Der eschatologische Lohn der Mutter Maria

■ Die heilige „Jungfrau“ „Maria“, wie diese wichtige Person der Heilsgeschichte bei der Verkündigung der Geburt Jesu im Evangelium nach Lukas offiziell eingeführt wird, wird von der katholischen Kirche und den Gläubigen über alle Jahrhunderte hindurch unter verschiedenen Titeln angesprochen und verehrt. Sie alle betonen dann einen jeweiligen Gesichtspunkt ihres Wirkens oder ihrer Bedeutung für das Heilsgeschehen.

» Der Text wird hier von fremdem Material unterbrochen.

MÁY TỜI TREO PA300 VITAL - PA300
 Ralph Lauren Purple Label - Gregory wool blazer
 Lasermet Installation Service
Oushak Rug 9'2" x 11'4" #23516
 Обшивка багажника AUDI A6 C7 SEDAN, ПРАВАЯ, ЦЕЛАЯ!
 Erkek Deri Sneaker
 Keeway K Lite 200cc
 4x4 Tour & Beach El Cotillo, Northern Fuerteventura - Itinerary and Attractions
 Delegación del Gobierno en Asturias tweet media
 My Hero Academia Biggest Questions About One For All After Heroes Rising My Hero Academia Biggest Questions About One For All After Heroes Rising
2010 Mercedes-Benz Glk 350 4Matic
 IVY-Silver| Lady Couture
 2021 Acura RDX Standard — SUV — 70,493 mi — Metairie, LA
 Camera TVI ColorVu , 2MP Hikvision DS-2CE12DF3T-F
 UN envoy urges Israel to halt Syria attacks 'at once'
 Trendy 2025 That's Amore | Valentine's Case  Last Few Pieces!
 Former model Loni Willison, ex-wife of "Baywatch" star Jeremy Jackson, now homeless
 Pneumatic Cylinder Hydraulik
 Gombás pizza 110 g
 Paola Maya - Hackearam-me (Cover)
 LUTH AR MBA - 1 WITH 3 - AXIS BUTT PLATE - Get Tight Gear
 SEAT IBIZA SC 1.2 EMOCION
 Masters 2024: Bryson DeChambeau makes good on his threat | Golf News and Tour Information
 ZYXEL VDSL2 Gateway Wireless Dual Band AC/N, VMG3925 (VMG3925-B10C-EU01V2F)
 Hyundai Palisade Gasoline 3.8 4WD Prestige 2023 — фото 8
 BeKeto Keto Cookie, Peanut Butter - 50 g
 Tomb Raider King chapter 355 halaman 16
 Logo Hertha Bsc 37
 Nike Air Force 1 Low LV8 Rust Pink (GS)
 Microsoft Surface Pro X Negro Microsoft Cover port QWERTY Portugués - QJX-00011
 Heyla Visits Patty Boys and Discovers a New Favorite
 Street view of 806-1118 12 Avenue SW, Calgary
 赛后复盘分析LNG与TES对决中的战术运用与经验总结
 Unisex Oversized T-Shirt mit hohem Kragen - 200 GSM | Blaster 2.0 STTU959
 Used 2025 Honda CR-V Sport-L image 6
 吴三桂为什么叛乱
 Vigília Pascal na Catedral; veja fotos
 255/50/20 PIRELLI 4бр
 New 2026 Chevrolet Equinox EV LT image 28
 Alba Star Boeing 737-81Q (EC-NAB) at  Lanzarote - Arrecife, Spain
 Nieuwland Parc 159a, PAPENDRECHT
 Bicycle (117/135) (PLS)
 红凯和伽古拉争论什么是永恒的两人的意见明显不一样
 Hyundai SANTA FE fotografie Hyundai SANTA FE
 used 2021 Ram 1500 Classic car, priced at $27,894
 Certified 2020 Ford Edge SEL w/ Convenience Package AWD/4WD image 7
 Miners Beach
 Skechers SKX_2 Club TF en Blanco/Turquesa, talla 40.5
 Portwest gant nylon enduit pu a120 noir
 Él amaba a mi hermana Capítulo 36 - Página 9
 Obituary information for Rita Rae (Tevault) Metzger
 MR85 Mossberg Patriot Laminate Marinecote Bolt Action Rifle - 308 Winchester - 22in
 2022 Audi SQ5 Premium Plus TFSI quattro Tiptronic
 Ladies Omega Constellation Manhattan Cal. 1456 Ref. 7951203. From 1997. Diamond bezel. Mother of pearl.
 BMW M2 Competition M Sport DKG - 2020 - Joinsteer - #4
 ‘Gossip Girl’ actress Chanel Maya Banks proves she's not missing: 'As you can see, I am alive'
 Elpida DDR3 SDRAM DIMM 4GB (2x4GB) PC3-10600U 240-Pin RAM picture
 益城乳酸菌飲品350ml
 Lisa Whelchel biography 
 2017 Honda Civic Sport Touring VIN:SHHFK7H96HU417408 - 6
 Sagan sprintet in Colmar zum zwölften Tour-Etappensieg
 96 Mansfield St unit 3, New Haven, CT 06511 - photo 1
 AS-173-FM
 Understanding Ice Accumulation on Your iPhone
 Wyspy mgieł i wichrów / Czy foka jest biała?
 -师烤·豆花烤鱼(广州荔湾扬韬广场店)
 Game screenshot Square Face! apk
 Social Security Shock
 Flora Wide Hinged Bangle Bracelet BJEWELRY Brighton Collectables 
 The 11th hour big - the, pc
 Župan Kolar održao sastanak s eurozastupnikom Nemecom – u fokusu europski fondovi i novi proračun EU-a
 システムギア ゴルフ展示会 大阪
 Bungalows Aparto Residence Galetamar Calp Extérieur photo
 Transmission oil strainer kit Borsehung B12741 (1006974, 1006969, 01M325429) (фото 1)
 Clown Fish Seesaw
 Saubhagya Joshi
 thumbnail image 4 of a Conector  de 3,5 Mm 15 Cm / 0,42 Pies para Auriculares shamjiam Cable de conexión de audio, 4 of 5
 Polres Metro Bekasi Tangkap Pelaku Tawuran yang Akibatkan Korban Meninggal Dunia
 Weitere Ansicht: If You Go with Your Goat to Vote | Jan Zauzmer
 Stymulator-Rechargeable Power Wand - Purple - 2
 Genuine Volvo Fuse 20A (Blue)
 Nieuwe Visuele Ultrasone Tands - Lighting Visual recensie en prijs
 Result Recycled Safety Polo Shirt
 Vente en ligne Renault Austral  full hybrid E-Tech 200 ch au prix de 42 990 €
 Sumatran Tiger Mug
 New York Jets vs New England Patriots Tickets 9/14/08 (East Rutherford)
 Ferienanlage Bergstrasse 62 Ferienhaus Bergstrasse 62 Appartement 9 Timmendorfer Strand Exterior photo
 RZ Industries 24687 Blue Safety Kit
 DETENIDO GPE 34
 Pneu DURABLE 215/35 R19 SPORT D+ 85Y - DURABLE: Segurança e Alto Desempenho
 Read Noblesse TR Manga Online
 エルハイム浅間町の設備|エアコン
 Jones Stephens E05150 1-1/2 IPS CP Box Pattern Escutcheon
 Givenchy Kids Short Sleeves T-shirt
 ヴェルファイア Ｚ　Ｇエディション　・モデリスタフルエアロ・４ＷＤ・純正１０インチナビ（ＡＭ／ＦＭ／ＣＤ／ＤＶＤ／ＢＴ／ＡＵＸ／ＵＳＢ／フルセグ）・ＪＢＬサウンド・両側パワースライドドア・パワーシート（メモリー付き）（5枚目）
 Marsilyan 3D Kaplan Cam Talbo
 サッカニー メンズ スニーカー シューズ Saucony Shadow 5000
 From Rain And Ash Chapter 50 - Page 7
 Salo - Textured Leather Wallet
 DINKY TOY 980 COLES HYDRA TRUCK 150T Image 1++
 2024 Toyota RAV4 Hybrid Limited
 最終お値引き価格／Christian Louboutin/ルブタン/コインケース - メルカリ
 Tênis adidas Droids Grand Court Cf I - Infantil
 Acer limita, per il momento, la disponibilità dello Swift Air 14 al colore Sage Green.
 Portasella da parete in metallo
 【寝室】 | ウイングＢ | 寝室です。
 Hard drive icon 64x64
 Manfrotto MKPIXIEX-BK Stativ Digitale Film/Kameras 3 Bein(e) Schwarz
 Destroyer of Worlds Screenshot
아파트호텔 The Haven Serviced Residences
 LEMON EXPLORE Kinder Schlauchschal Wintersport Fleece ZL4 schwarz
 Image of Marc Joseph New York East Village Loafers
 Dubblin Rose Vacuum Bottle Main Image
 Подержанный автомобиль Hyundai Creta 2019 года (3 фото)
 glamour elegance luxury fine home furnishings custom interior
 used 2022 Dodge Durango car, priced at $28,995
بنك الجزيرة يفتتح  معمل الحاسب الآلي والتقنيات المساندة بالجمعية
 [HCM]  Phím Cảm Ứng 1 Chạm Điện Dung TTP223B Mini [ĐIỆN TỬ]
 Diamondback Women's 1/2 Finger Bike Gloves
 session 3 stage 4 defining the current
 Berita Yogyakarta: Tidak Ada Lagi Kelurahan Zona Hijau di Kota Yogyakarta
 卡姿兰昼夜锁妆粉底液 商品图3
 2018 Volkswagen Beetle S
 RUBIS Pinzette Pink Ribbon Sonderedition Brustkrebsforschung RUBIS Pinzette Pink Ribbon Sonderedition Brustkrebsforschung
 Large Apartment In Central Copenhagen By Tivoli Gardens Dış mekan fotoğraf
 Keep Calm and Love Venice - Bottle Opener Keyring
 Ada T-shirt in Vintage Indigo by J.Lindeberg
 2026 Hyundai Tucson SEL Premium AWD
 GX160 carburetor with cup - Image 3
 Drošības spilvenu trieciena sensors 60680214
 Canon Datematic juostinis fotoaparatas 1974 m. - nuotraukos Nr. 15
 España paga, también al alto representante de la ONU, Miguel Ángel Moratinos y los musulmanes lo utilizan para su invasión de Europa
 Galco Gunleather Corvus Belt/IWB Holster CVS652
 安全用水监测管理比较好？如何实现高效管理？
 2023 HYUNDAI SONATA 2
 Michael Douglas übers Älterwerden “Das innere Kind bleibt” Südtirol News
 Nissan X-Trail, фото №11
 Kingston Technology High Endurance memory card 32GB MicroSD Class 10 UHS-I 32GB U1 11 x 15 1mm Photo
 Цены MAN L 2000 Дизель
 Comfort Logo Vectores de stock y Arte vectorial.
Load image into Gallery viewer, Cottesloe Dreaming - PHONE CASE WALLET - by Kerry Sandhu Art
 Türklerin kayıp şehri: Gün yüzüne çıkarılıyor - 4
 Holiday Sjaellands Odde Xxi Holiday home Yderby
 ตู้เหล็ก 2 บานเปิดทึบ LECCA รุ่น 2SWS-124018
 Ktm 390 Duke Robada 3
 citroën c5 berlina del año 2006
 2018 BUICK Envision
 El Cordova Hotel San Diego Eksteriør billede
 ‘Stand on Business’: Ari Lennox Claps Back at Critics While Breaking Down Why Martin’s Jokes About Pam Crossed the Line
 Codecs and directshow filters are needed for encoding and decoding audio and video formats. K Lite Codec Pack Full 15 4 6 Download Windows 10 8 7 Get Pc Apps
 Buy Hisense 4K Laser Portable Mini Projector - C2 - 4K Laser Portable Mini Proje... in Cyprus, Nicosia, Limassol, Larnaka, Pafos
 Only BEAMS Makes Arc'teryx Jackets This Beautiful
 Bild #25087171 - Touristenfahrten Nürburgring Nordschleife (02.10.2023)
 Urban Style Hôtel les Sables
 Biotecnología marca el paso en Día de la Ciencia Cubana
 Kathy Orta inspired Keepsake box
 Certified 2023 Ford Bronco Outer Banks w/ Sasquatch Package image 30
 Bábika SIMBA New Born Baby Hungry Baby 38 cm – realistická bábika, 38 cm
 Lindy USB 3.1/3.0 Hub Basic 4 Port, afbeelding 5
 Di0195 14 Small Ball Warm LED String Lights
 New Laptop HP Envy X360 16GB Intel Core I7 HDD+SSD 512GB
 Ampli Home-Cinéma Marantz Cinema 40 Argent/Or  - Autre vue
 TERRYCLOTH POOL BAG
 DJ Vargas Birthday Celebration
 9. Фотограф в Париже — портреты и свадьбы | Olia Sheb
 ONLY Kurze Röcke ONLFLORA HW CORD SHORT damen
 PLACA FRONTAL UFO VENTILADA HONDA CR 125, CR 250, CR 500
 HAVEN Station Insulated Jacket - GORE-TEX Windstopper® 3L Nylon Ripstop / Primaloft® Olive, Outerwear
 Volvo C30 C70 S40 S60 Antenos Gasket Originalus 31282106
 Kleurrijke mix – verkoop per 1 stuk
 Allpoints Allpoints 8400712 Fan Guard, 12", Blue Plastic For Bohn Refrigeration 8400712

Am häufigsten bezeichnet sie das gläubige Volk aber mit dem ihr sicher am treffendsten zukommenden Titel „Muttergottes“! Diese Bezeichnung steht ihr zweifelsohne am treffendsten zu, weil er ja das Wesen ihrer Sendung beschreibt: „Fürchte dich nicht, Maria; denn du hast bei Gott Gnade gefunden. Siehe, du wirst empfangen und einen Sohn gebären. Dem sollst du den Namen Jesus geben. Er wird groß sein und Sohn des Allerhöchsten genannt werden. … Darum wird auch das Heilige, das aus dir geboren wird, Sohn Gottes genannt werden.“ (Lk 1,30-32.35.)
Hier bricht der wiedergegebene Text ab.